EXERCISE PROMPT:
Print out the records below with nothing altered.

EXTRACTED ENTRIES:
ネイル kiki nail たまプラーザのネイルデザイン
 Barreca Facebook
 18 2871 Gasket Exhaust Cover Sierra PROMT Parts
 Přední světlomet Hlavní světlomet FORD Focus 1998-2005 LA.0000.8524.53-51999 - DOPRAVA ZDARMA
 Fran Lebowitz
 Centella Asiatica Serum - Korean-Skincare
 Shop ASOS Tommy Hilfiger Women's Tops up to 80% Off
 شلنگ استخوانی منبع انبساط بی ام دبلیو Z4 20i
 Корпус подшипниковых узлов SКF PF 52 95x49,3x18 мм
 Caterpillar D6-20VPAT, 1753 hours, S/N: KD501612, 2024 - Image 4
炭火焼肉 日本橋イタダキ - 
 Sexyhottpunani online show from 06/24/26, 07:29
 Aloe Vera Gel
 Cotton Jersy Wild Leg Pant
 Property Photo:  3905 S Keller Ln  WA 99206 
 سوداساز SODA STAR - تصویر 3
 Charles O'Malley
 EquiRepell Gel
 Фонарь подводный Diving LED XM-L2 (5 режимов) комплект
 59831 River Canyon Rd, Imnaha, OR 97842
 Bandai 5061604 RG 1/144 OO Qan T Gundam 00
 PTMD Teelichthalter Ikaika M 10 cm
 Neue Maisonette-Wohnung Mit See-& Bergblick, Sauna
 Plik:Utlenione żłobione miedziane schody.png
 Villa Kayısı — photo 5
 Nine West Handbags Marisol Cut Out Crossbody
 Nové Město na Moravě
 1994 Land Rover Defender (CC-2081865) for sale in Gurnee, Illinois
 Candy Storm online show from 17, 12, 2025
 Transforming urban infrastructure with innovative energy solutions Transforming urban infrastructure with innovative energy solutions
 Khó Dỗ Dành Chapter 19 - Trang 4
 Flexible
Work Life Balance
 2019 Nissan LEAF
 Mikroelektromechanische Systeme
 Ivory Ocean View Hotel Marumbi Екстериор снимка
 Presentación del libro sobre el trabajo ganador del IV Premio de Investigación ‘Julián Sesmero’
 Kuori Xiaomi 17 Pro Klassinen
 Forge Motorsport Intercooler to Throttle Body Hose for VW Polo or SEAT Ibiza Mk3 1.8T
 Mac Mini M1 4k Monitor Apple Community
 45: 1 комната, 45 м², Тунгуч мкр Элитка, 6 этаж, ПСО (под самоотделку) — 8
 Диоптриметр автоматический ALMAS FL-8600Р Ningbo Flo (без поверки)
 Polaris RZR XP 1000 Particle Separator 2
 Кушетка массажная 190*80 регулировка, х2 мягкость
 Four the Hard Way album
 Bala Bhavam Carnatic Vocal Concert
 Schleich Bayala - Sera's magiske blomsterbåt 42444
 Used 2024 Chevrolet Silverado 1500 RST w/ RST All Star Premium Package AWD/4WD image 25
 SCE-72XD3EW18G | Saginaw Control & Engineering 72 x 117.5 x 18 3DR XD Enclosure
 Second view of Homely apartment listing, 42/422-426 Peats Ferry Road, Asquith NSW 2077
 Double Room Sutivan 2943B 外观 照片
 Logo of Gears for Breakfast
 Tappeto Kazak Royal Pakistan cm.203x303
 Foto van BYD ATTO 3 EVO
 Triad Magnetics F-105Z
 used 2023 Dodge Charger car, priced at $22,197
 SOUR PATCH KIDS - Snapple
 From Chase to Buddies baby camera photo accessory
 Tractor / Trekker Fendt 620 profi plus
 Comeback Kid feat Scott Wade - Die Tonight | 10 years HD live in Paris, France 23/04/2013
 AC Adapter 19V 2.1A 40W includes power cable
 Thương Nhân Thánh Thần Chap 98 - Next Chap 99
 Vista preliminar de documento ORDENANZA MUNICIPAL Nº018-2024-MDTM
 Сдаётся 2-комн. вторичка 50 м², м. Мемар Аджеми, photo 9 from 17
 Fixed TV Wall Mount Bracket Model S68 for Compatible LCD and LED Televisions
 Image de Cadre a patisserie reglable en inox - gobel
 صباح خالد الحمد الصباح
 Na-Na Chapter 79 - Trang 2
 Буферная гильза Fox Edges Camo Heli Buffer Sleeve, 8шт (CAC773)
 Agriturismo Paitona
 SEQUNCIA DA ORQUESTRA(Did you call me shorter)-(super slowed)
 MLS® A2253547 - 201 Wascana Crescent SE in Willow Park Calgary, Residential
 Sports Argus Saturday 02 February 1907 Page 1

EXPECTED OUTPUT:
ネイル kiki nail たまプラーザのネイルデザイン
 Barreca Facebook
 18 2871 Gasket Exhaust Cover Sierra PROMT Parts
 Přední světlomet Hlavní světlomet FORD Focus 1998-2005 LA.0000.8524.53-51999 - DOPRAVA ZDARMA
 Fran Lebowitz
 Centella Asiatica Serum - Korean-Skincare
 Shop ASOS Tommy Hilfiger Women's Tops up to 80% Off
 شلنگ استخوانی منبع انبساط بی ام دبلیو Z4 20i
 Корпус подшипниковых узлов SКF PF 52 95x49,3x18 мм
 Caterpillar D6-20VPAT, 1753 hours, S/N: KD501612, 2024 - Image 4
炭火焼肉 日本橋イタダキ - 
 Sexyhottpunani online show from 06/24/26, 07:29
 Aloe Vera Gel
 Cotton Jersy Wild Leg Pant
 Property Photo:  3905 S Keller Ln  WA 99206 
 سوداساز SODA STAR - تصویر 3
 Charles O'Malley
 EquiRepell Gel
 Фонарь подводный Diving LED XM-L2 (5 режимов) комплект
 59831 River Canyon Rd, Imnaha, OR 97842
 Bandai 5061604 RG 1/144 OO Qan T Gundam 00
 PTMD Teelichthalter Ikaika M 10 cm
 Neue Maisonette-Wohnung Mit See-& Bergblick, Sauna
 Plik:Utlenione żłobione miedziane schody.png
 Villa Kayısı — photo 5
 Nine West Handbags Marisol Cut Out Crossbody
 Nové Město na Moravě
 1994 Land Rover Defender (CC-2081865) for sale in Gurnee, Illinois
 Candy Storm online show from 17, 12, 2025
 Transforming urban infrastructure with innovative energy solutions Transforming urban infrastructure with innovative energy solutions
 Khó Dỗ Dành Chapter 19 - Trang 4
 Flexible
Work Life Balance
 2019 Nissan LEAF
 Mikroelektromechanische Systeme
 Ivory Ocean View Hotel Marumbi Екстериор снимка
 Presentación del libro sobre el trabajo ganador del IV Premio de Investigación ‘Julián Sesmero’
 Kuori Xiaomi 17 Pro Klassinen
 Forge Motorsport Intercooler to Throttle Body Hose for VW Polo or SEAT Ibiza Mk3 1.8T
 Mac Mini M1 4k Monitor Apple Community
 45: 1 комната, 45 м², Тунгуч мкр Элитка, 6 этаж, ПСО (под самоотделку) — 8
 Диоптриметр автоматический ALMAS FL-8600Р Ningbo Flo (без поверки)
 Polaris RZR XP 1000 Particle Separator 2
 Кушетка массажная 190*80 регулировка, х2 мягкость
 Four the Hard Way album
 Bala Bhavam Carnatic Vocal Concert
 Schleich Bayala - Sera's magiske blomsterbåt 42444
 Used 2024 Chevrolet Silverado 1500 RST w/ RST All Star Premium Package AWD/4WD image 25
 SCE-72XD3EW18G | Saginaw Control & Engineering 72 x 117.5 x 18 3DR XD Enclosure
 Second view of Homely apartment listing, 42/422-426 Peats Ferry Road, Asquith NSW 2077
 Double Room Sutivan 2943B 外观 照片
 Logo of Gears for Breakfast
 Tappeto Kazak Royal Pakistan cm.203x303
 Foto van BYD ATTO 3 EVO
 Triad Magnetics F-105Z
 used 2023 Dodge Charger car, priced at $22,197
 SOUR PATCH KIDS - Snapple
 From Chase to Buddies baby camera photo accessory
 Tractor / Trekker Fendt 620 profi plus
 Comeback Kid feat Scott Wade - Die Tonight | 10 years HD live in Paris, France 23/04/2013
 AC Adapter 19V 2.1A 40W includes power cable
 Thương Nhân Thánh Thần Chap 98 - Next Chap 99
 Vista preliminar de documento ORDENANZA MUNICIPAL Nº018-2024-MDTM
 Сдаётся 2-комн. вторичка 50 м², м. Мемар Аджеми, photo 9 from 17
 Fixed TV Wall Mount Bracket Model S68 for Compatible LCD and LED Televisions
 Image de Cadre a patisserie reglable en inox - gobel
 صباح خالد الحمد الصباح
 Na-Na Chapter 79 - Trang 2
 Буферная гильза Fox Edges Camo Heli Buffer Sleeve, 8шт (CAC773)
 Agriturismo Paitona
 SEQUNCIA DA ORQUESTRA(Did you call me shorter)-(super slowed)
 MLS® A2253547 - 201 Wascana Crescent SE in Willow Park Calgary, Residential
 Sports Argus Saturday 02 February 1907 Page 1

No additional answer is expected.